Während des siebenzehnten Jahrhunderts entwickelten sich die Letzteren ganz ungemein: England, Holland, Frankreich und Spanien rangen fast ein halbes Jahrhundert in zahllosen blutigen Kämpfen um die Herrschaft des Meeres, und die Kriegsschiffe wuchsen an Zahl und Größe. Mit dem englischen „Royal Sovereign“ trat 1640 das erste Linienschiff (Dreidecker) auf, um fortan als Schlachtschiff die Stärke der Flotten zu bilden und den Ocean zwei Jahrhunderte lang zu beherrschen. Mit ihm fand diese Form einen ungefähren Abschluß und änderte sich bis zur Anwendung der Dampfkraft auf die Schifffahrt verhältnißmäßig nur wenig, wie dies der Vergleich zwischen den Bildern 5 und 6 zeigt, obwohl beide Typen über 150 Jahre aus einander liegen, jener dem siebenzehnten und letzterer unserem Jahrhundert angehört. Die hauptsächlichsten Veränderungen während dieses Zeitraumes beschränken sich auf das Verhältniß von der Breite zur Länge des Rumpfes, das von 1:3 in 1:4 übergeht, um sich auf diesem Punkte bis zur Einführung der Dampfkraft zu erhalten.

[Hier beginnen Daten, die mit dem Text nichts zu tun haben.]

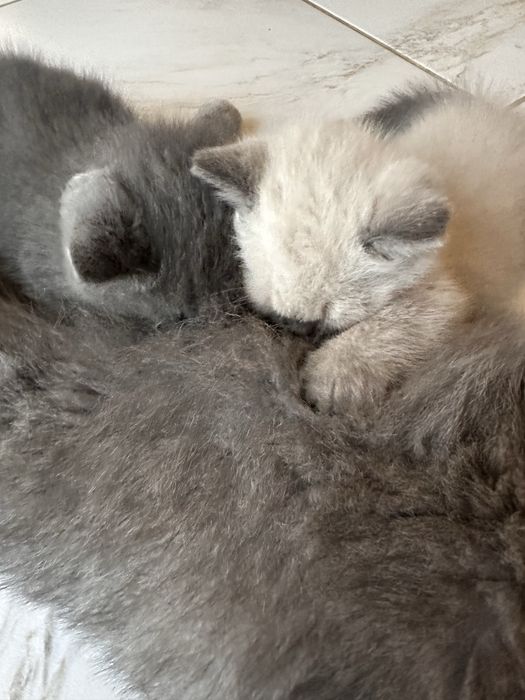 Продаю котики чистокровні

Ebenso vollzog sich allmählich eine Wandlung in der Bewaffnung der Schiffe. Man verringerte die Zahl der Geschütze und die Vielfältigkeit ihrer Kaliber, um die letzteren dafür zu vergrößern, und strebte dahin, die Technik der Geschützfabrikation zu vervollkommnen. Bei Erfindung der Kanonen stellte man diese aus Schmiedeeisen her; später ging man zum Guß über, aber daß derselbe sehr zu wünschen übrig ließ, geht aus der Thatsache hervor, daß während einer Seeschlacht zwischen Engländern und Holländern 1666 auf den Schiffen der Letzteren nicht weniger als 118 Geschütze sprangen.

Seit Mitte des siebenzehnten Jahrhunderts begann man auch der Taktik größere Aufmerksamkeit zu schenken; denn wenn man bis dahin dieselbe wenig beachtete und ohne sichtbare Ordnung kämpfte, so entstanden jetzt feste Regeln für die Bewegungen der einzelnen Schiffe wie der Geschwader, und die Manövrirkunst wurde zu einem wichtigen Factor, um in der Schlacht Vortheile über den Gegner zu erringen.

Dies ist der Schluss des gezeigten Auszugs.